Earning a Bachelor’s Degree in Education is definitely more complicated than earning an associate’s degree. Be sure to take the time to research potential schools and select the program best suited to your long-term goals. It is critical to take time with your application, so do not rush—do everything early and carefully.

To prepare for a degree in Education, be sure to take a well-rounded selection of courses in high school. A focus on the subject you plan to teach can be very helpful; in other words, an Advanced Placement course in English will help if you plan to teach creative writing. A top score on the SAT in your preferred subject can also bolster your credentials.

In general, admission requirements for education majors are similar to those that apply to all students. You’ll need to take the SAT and/or ACT, write an admissions essay, and acquire recommendations from teachers or mentors who can attest to your academic promise.

Graduate Programs

There are many, many graduate programs available in the field of Education. If you’ve decided to pursue a Master’s Degree or a PhD. in Education, now is the time to pick your specialty. Will you teach high school? Would you like to be an administrator? Would you prefer to teach at a college level? Once you’ve decided what degree program is right for you, take plenty of time to research the best college or university in your area.
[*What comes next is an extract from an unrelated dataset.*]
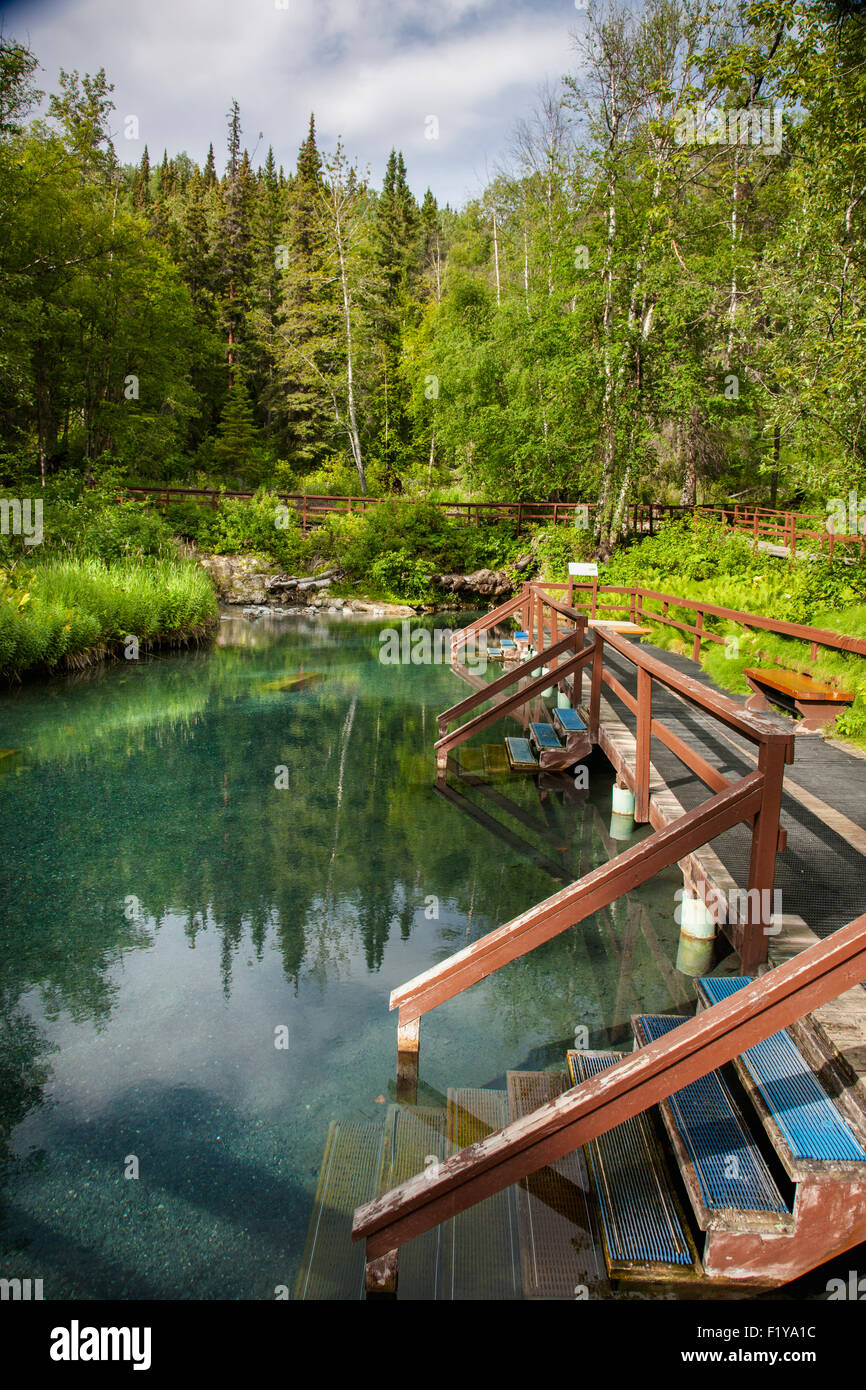 Canada,Scenic,Fiume Liard Hot Springs Foto Stock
Once you’ve decided what you want to focus on and where you might want to study, be sure to take both the GRE and the GRE Subject Tests as early on as possible—this will give you time to retake them if necessary. You may also consider beginning to work in your preferred area of Education; this can help provide you with letters of recommendation and also may provide professional mentorship—both important things for your graduate school application and your long-term career goals.

Always remember to take time and care when completing your application. Never rush—this is how the admissions committee learns about you, and you don’t want to give a bad impression right from the start, so remember to proofread, proofread, proofread!

Career Training and Certification

Many states require teachers have a specific type of teaching certificate to be qualified to teach in public schools. Additionally, local school districts may require additional certification. Be sure to find out what is needed in the geographic location where you plan to live and work. Also, once you are working in your field, you will most likely be required to attain a certain amount of additional career training or continuing education. This helps you stay on top of the latest education trends and information, and therefore is ideal in furthering your career.